John Carpenter is the best director of all time. Bold statement, I know, but I mean every word of it. It’s easy to herald the classics -- Assault On Precinct 13, Halloween, The Thing, Escape from New York, Big Trouble in Little China, et al. -- and make a case that his best work is some of the greatest genre output ever created. He was untouchable for over a decade and enjoyed a run of form that would make most director’s blush. However, what makes Carpenter the best in my book isn’t just the classics. For me, the director’s worst movies are just as important. You see, even at his “worst”, Carpenter still possesses the ability to entertain better than some of the greats at their best. In short: I fuck with Escape from L.A. -- and others.

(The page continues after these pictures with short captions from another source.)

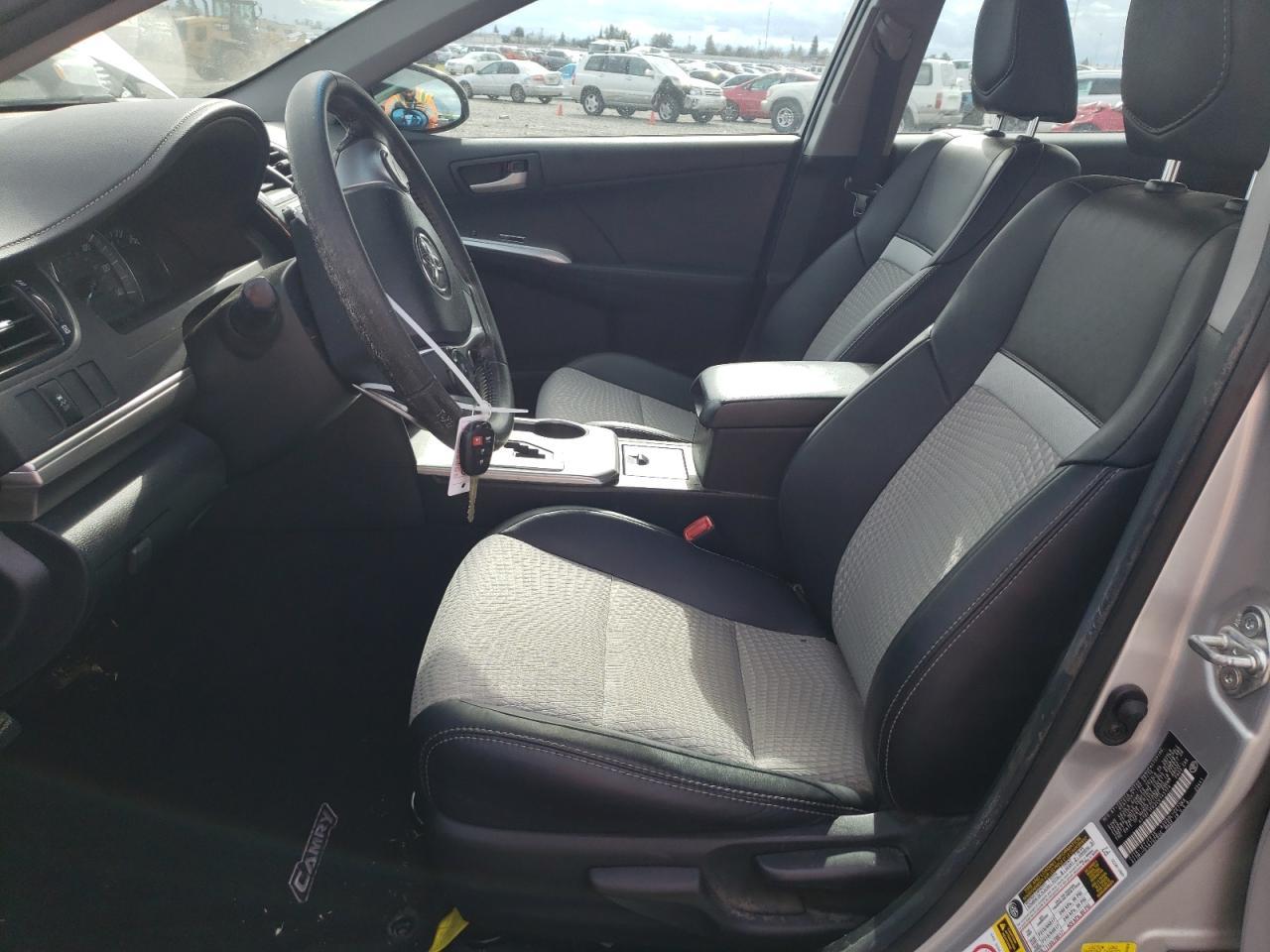 2012 TOYOTA CAMRY BASE - Image 7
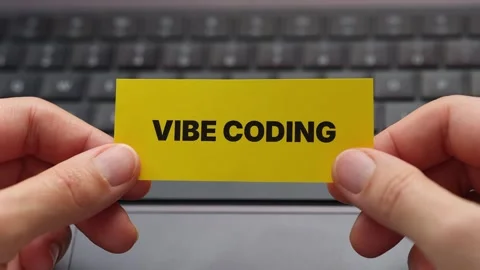 VIBE CODING Stock Footage 347547026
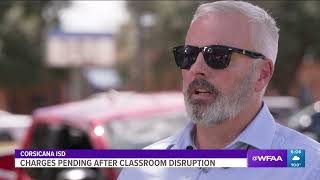 Corsicana ISD principal life flighted to hospital after being attacked by student pkg [upl. by Jourdain]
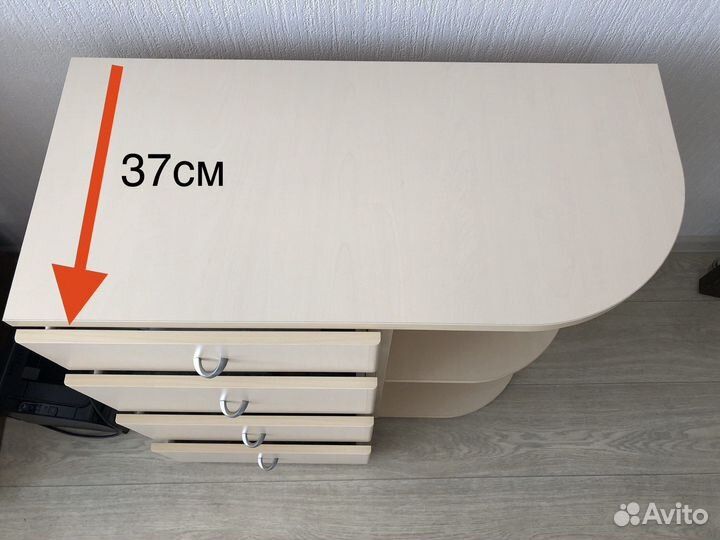 Тумба Стеллаж с ящичками и полками Дятьково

Needless to say, I'm in the pro camp when it comes to this bizarre action adventure. Here are a few reasons why I love it:
A terrific ensemble of cult actors.
Just look at the cast here - Kurt Russell, Bruce Campbell, Pam Grier, Stacy Keach, Steve Buscemi, Peter Fonda. That’s Snake Plissken, Ash Williams, Coffy, Vincent Kane, Mr. Pink, and Wyatt from Easy Rider sharing a bill. And that’s not to mention the rest of roles in their respective ouvre’s. In terms of talent that makes most genre nuts mark out whenever they appear on screen, Escape from L.A. is populated with bona fide genre icons taking part in the type of outlandish movie they built careers on.
It’s soooooo 90’s.
If you’re a 90’s kid like me, then you have a soft spot for the decade that gave us nu-metal, flashy alternative aesthetics, music video-esque action movies, and a sense of fun and attitude that disappeared when the new millennium happened and ruined everything. The 90’s felt like a party -- at least in my childhood mind it did -- and it was all leading up to the end of the world. The soundtrack here alone is pure apocalyptic 90’s, with the likes of Sugar Ray (before they defined 90’s pool parties), White Zombie, and other alternative artists from back when popular music was grungy and exciting. On top of that, it’s typical of the type of cartoonish sci-fi fare from back then that made future societies seem like fun places to be. Maybe Strange Days and Starship Troopers had more to say about the state of the world, but Escape from L.A. had basketball and surfing.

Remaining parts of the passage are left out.